What makes ionic liquid electrolytes different — and why it matters now

Ionic liquid (IL) electrolytes are all-ionic, room-temperature molten salts: large organic cations paired with weakly coordinating anions that remain liquid without any molecular solvent. Unlike conventional organic carbonate electrolytes, they combine negligible vapour pressure, non-flammability, electrochemical stability windows of 4–6 V vs. Li/Li⁺, and thermal stability exceeding 200–300 °C — properties that make them fundamentally different in kind, not merely degree, from the electrolytes currently inside most commercial lithium-ion cells.

4–6 V
Electrochemical stability window vs. Li/Li⁺
200–300 °C
Thermal stability threshold
80+
Patent & literature records analysed (2011–2024)
15+
Countries with contributing institutions

The dominant cation families in this dataset are pyrrolidinium (N-butyl-N-methylpyrrolidinium, Pyr14) and imidazolium (1-ethyl-3-methylimidazolium, EMIM; 1-butyl-3-methylimidazolium, BMIM), while TFSI⁻ and FSI⁻ are the most widely researched anion counterparts. The field spans at least five distinct sub-domains: pure IL electrolytes, IL/polymer hybrid electrolytes (gel and semi-solid), polymerized ionic liquids (PILs), IL@metal-organic framework (MOF) composites, and IL-modified aqueous water-in-salt systems.

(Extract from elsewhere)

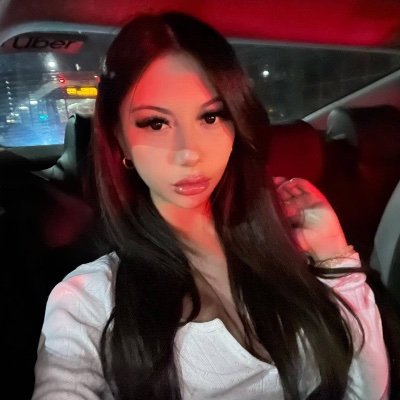 moniquejenn310's profile picture. 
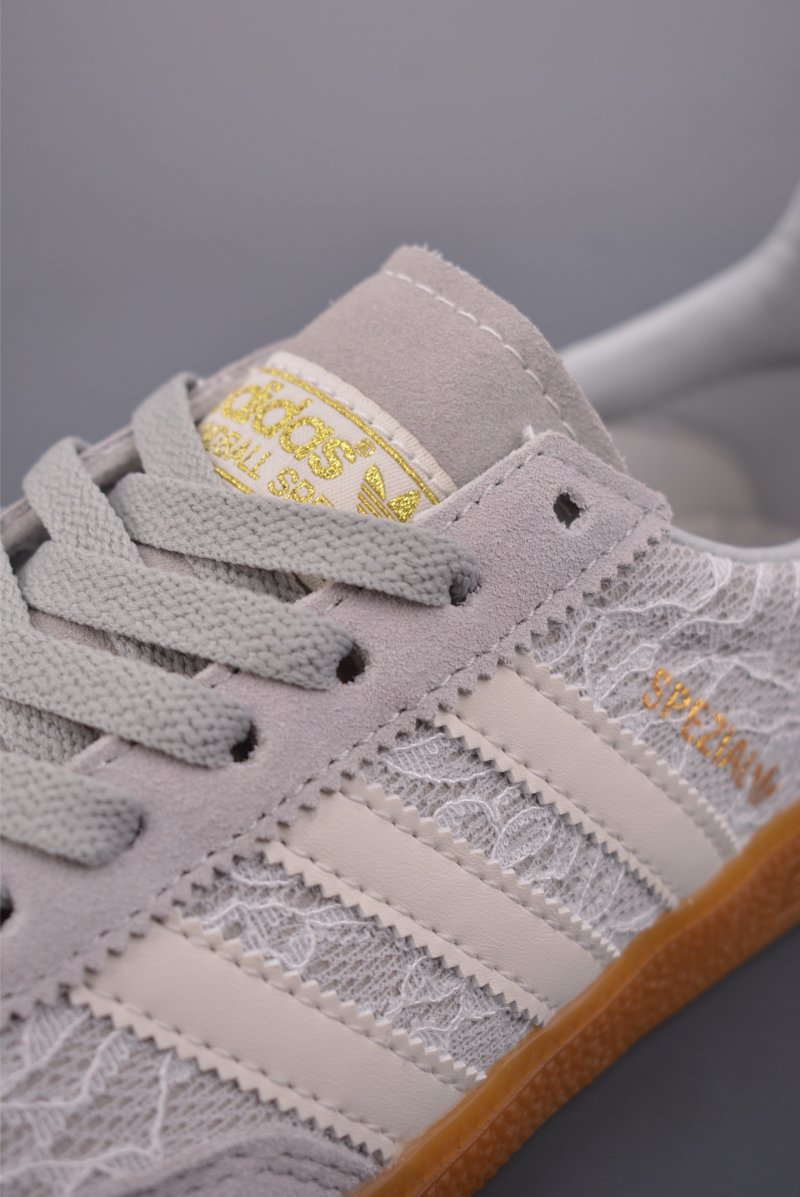 Adidas Originals Wensley Spezial view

What is a polymerized ionic liquid (PIL)?

A polymerized ionic liquid (PIL) is created by covalently incorporating ionic liquid monomers into a polymer backbone, combining the mechanical processability of solid-state electrolytes with the ionic conductivity and electrochemical stability of ILs. PIL-bonded LATP composites achieved ionic conductivity of 1.2 × 10⁻³ S/cm — one order of magnitude above pristine LATP — while maintaining flexibility, according to Sun Yat-Sen University (2022).

The urgency behind IL electrolyte research is driven by two converging pressures: escalating safety failures in conventional lithium-ion systems, where flammable organic solvents remain the primary thermal runaway fuel; and the emergence of post-lithium chemistries — sodium, magnesium, aluminum — where organic electrolytes are structurally inadequate. According to WIPO, battery technology patent filings have grown substantially year-on-year, with electrolyte safety and solid-state formats among the fastest-growing sub-categories.

Ionic liquid electrolytes exhibit electrochemical stability windows of 4–6 V vs. Li/Li⁺ and thermal stability exceeding 200–300 °C — properties that make them non-flammable and non-volatile alternatives to conventional organic carbonate electrolytes used in lithium-ion batteries.

Three phases of innovation: from proof-of-concept to AI-assisted design

Based on publication dates across the 80+ records in this dataset, the IL electrolyte field has progressed through three distinct phases — each marked by a broadening of application scope and a deepening of formulation sophistication.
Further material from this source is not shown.